Please copy exactly the part of the records below that opens with the line containing "ラーメン二郎 三田本店 - ★小豚野菜の凛々しい横顔★" and closes with the line containing "un vase noir", leaving out any pictures.

• DATA:
§

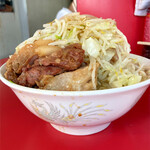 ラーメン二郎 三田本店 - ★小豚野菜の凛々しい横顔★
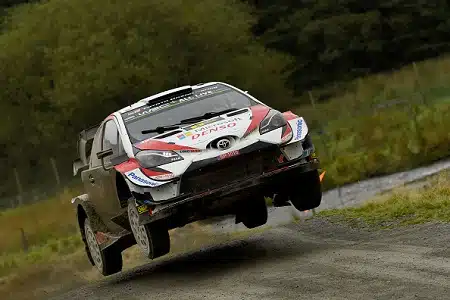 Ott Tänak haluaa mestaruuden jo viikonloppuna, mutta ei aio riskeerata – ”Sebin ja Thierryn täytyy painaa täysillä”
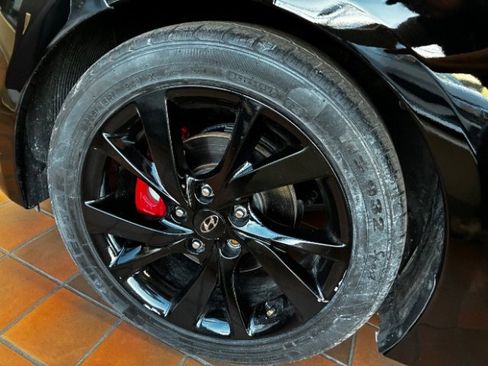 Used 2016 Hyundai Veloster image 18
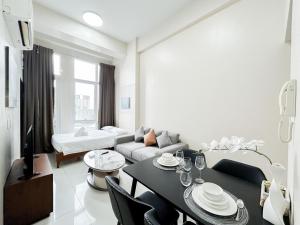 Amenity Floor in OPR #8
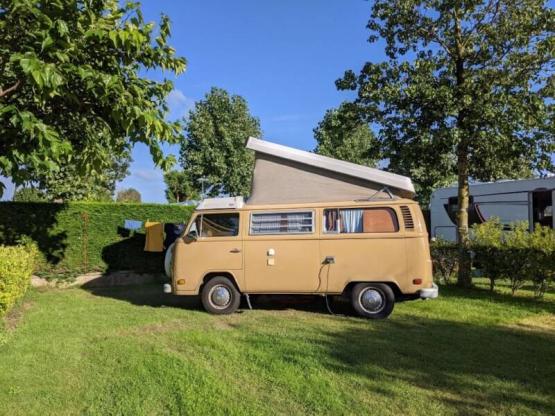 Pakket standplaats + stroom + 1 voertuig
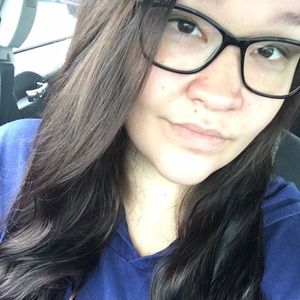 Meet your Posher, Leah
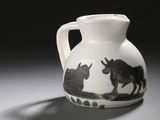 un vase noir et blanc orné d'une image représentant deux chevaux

§

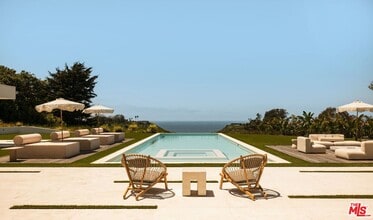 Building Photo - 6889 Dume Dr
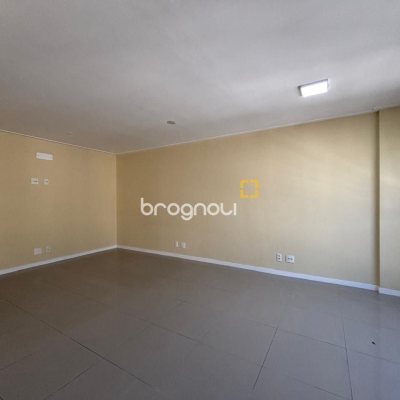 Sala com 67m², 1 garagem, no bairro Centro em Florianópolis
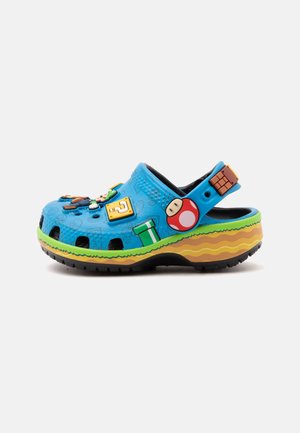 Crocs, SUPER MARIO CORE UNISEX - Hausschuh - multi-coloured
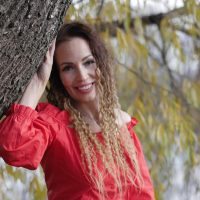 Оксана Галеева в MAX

§

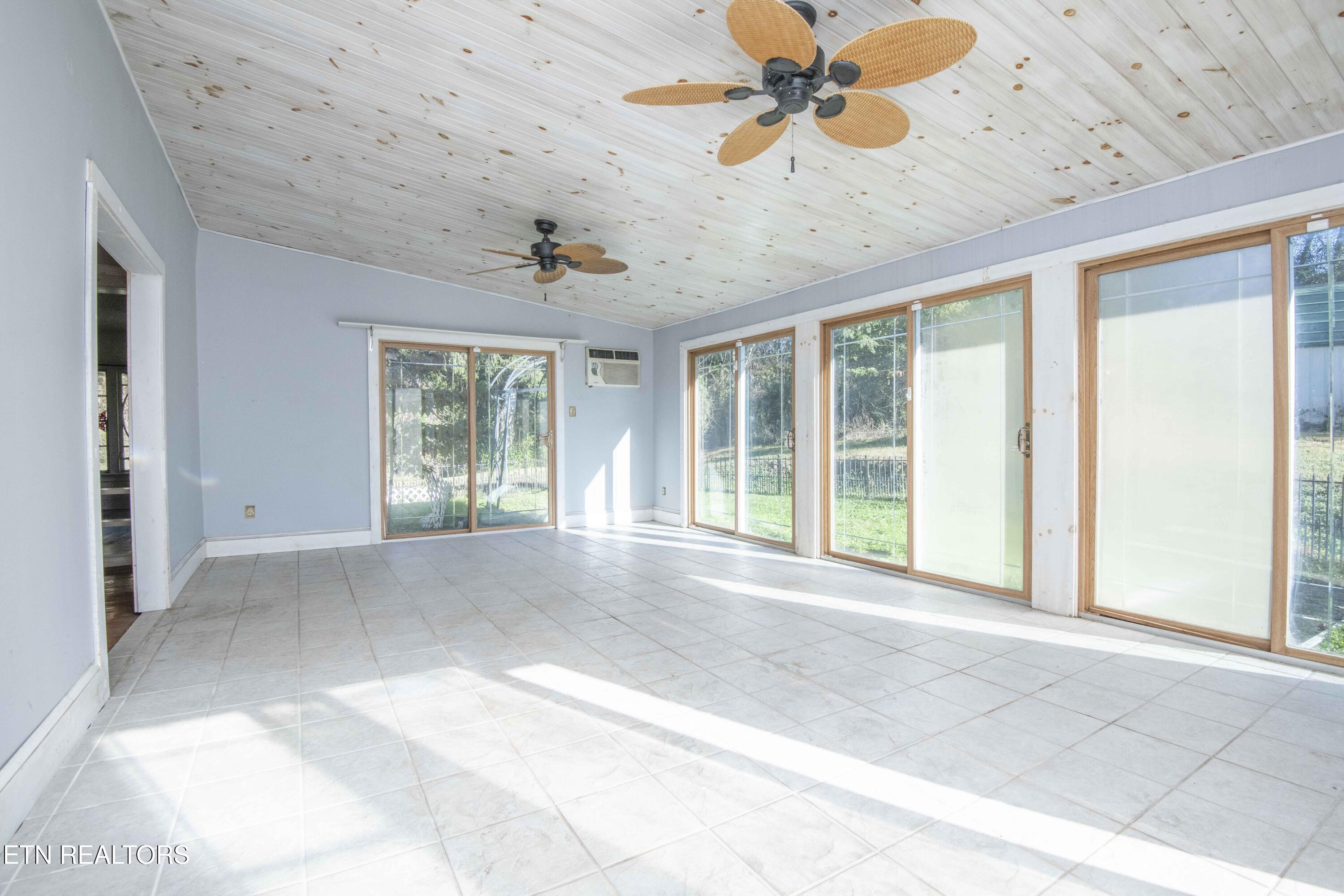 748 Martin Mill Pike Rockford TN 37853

§

• ANSWER SPACE:
 ラーメン二郎 三田本店 - ★小豚野菜の凛々しい横顔★
 Ott Tänak haluaa mestaruuden jo viikonloppuna, mutta ei aio riskeerata – ”Sebin ja Thierryn täytyy painaa täysillä”
 Used 2016 Hyundai Veloster image 18
 Amenity Floor in OPR #8
 Pakket standplaats + stroom + 1 voertuig
 Meet your Posher, Leah
 un vase noir et blanc orné d'une image représentant deux chevaux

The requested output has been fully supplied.